• **PROBLEM TO WORK ON**
Scan the listing below. Return every line containing the string "นเตาฟ".

• **RECORDS FOR PROCESSING**
■ ■ ■
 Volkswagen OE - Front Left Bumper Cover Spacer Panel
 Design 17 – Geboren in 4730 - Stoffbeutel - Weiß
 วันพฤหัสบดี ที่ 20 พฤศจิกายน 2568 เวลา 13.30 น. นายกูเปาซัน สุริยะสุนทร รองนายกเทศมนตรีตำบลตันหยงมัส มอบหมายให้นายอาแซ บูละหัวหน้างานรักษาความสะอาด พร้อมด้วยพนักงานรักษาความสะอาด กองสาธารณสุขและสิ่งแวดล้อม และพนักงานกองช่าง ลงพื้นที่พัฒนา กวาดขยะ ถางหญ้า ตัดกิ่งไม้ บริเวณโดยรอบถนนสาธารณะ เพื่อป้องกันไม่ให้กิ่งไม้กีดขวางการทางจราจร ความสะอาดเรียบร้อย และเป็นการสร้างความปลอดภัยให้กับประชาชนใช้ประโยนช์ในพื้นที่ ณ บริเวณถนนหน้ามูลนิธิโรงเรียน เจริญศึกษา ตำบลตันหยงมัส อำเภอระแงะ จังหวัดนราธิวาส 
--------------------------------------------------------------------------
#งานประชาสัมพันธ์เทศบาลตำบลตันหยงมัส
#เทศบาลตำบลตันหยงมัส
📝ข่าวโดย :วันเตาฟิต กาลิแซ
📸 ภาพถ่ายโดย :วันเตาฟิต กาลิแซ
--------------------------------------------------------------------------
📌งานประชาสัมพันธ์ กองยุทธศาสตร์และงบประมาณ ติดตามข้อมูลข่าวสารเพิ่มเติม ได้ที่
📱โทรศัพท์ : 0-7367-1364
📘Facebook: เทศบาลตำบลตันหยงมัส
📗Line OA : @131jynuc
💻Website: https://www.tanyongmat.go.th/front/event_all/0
■ ■ ■
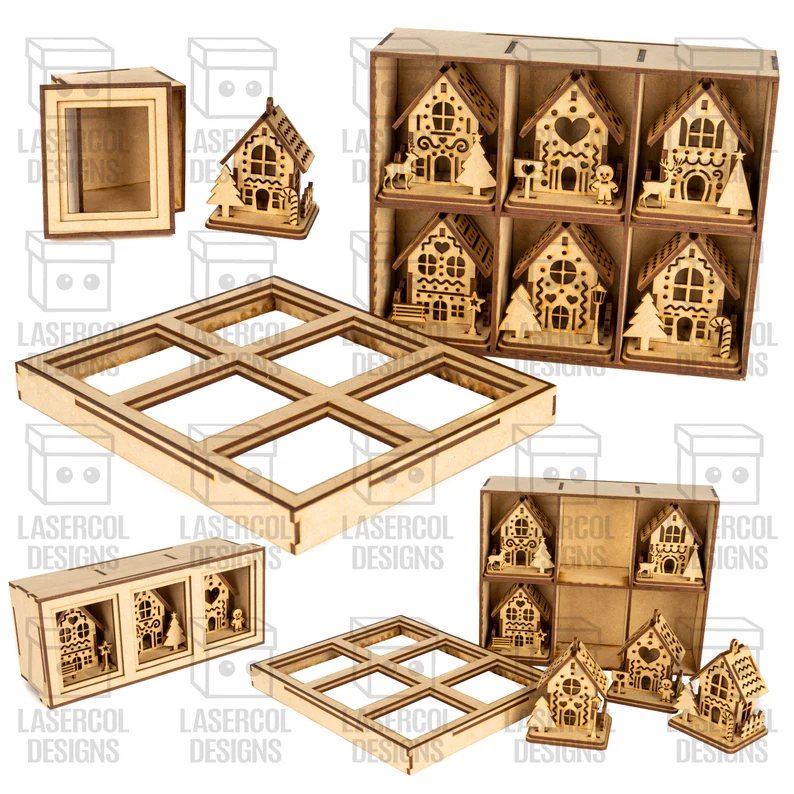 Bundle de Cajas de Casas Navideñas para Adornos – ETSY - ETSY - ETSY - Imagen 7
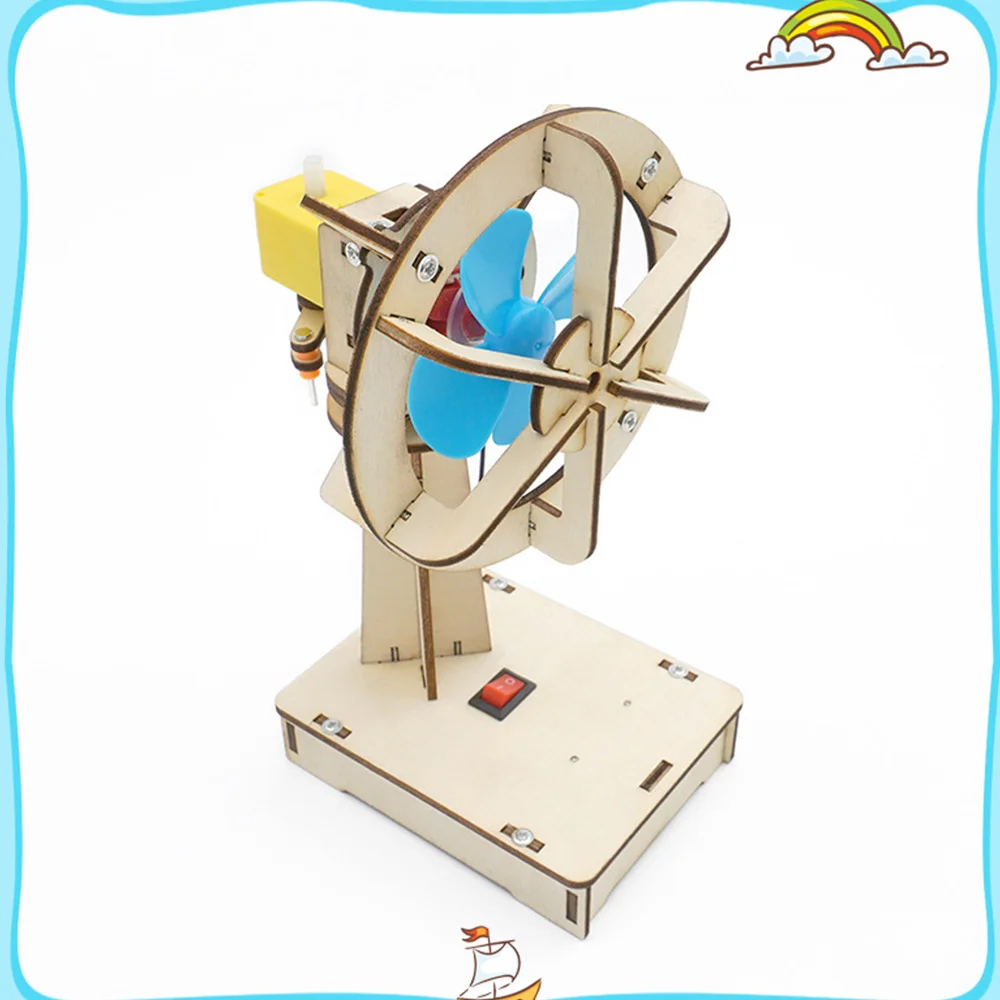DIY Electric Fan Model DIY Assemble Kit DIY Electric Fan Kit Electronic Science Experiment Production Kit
■ ■ ■
• **TASK OUTPUT**
📝ข่าวโดย :วันเตาฟิต กาลิแซ
📸 ภาพถ่ายโดย :วันเตาฟิต กาลิแซ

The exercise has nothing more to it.